Tuesday, November 7, 2017

Oh, Cold Snap.

Is Oh Snap too 90's? I can't tell. Anyway, Thursday night is the first night in my area that we will have below freezing temperatures. We're a little cushioned by the city warm zone but it was bound to happen sometime this month: a cold snap. I've been preparing some of my plants for the journey indoors. Others will be left out in the cold, but with some protection in place to make sure they don't freeze. Still others I'll let die off because they're annuals and aren't meant to live through the winter. 

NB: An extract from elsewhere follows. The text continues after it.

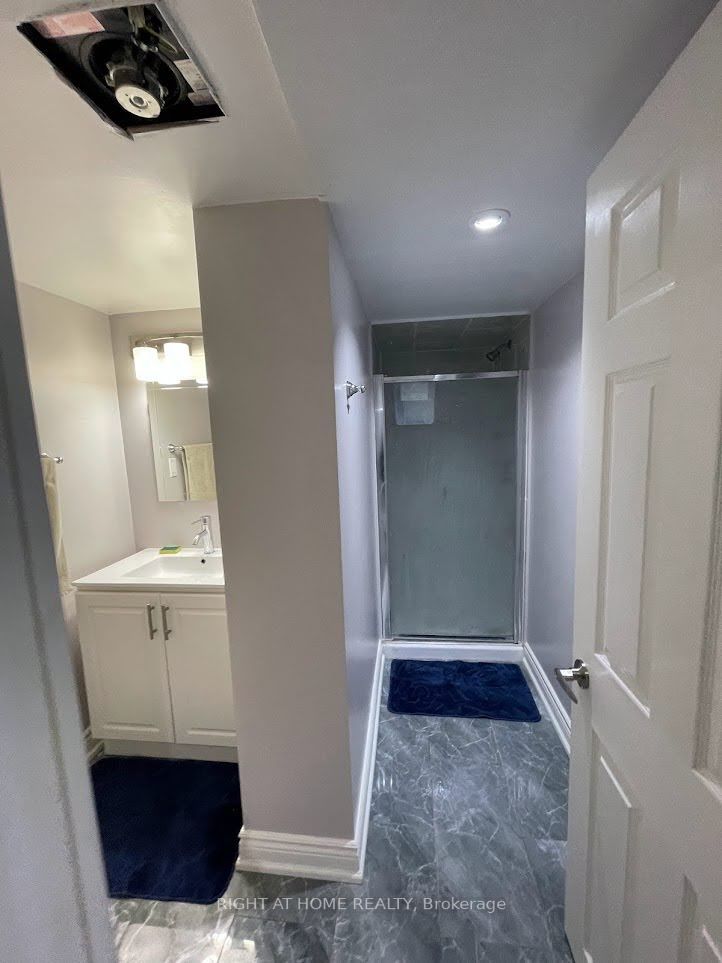 164 Saddle Tree Cres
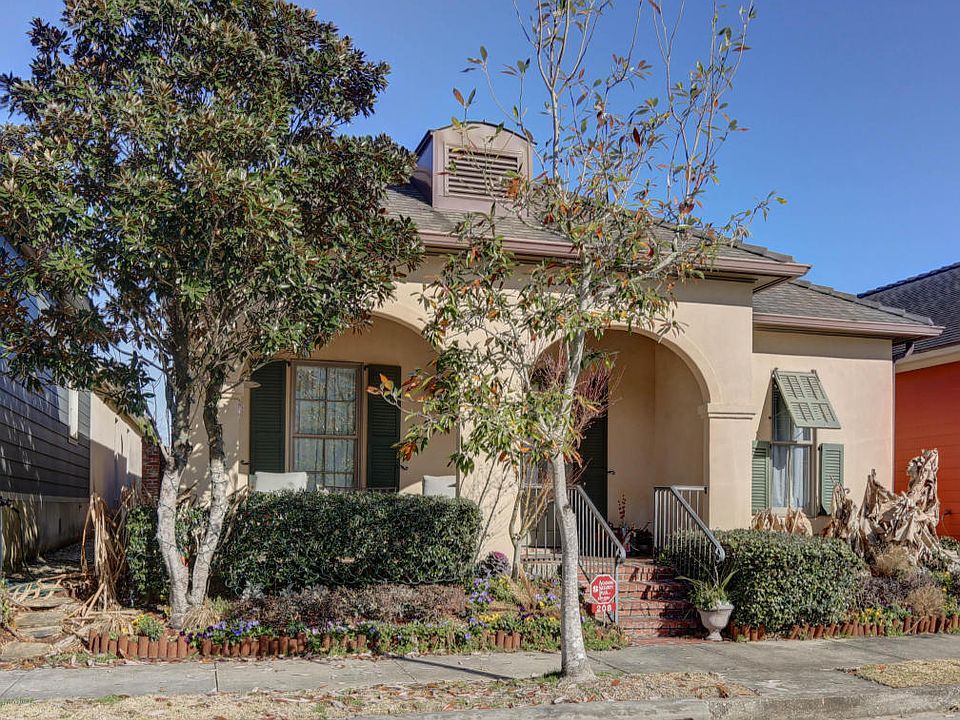 1st image of 208 Settlers Trace Blvd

What can survive a cold snap, and what should be brought indoors?
The Rosemary plant prefers above-freezing temperatures
so it will be brought in once it dips below around 35 F
The first to be brought in was my Angel Wing Begonia plant. As a tropical plant it doesn't like temperatures below 50 F and was starting to show signs of cold damage even at those temperatures. If the leaves start getting wilted edges or spots on them it might be a sign of the plant getting too cold. Bring the plant inside gradually if possible, starting by just bringing it in overnight and gradually decreasing the amount of outside time it gets until it is fully an indoor plant again. I have work so the least outside time I could get on a weekday was ~8.5 hrs, but I waited until a weekend and gave it two half-days before bringing it inside permanently. It seemed to do well. Now it lives under the grow light with the other begonias. Be sure to check plants for pests before putting them near your other plants. I got some aphid transfers, but luckily running the infested leaves under water worked to get rid of those.

Begonia living the warm life indoors.

Aloes and other succulents have a hard time in the cold if they are watered too much. They can easily get root rot since they go into a winter dormancy state where they are basically "asleep" and not absorbing much. The water then just sits in the soil and rots the plant's roots. Water your succulents less in winter even if they are indoor plants. If you would normally water as soon as the soil is completely dry then wait an extra week. The exceptions are tropical succulents like Jade and Hawarthias. They use the same amount of water year-round. I can usually tell it is a tropical succulent if it scorches in direct sunlight. Tropical ones for some reason require less sun, not more.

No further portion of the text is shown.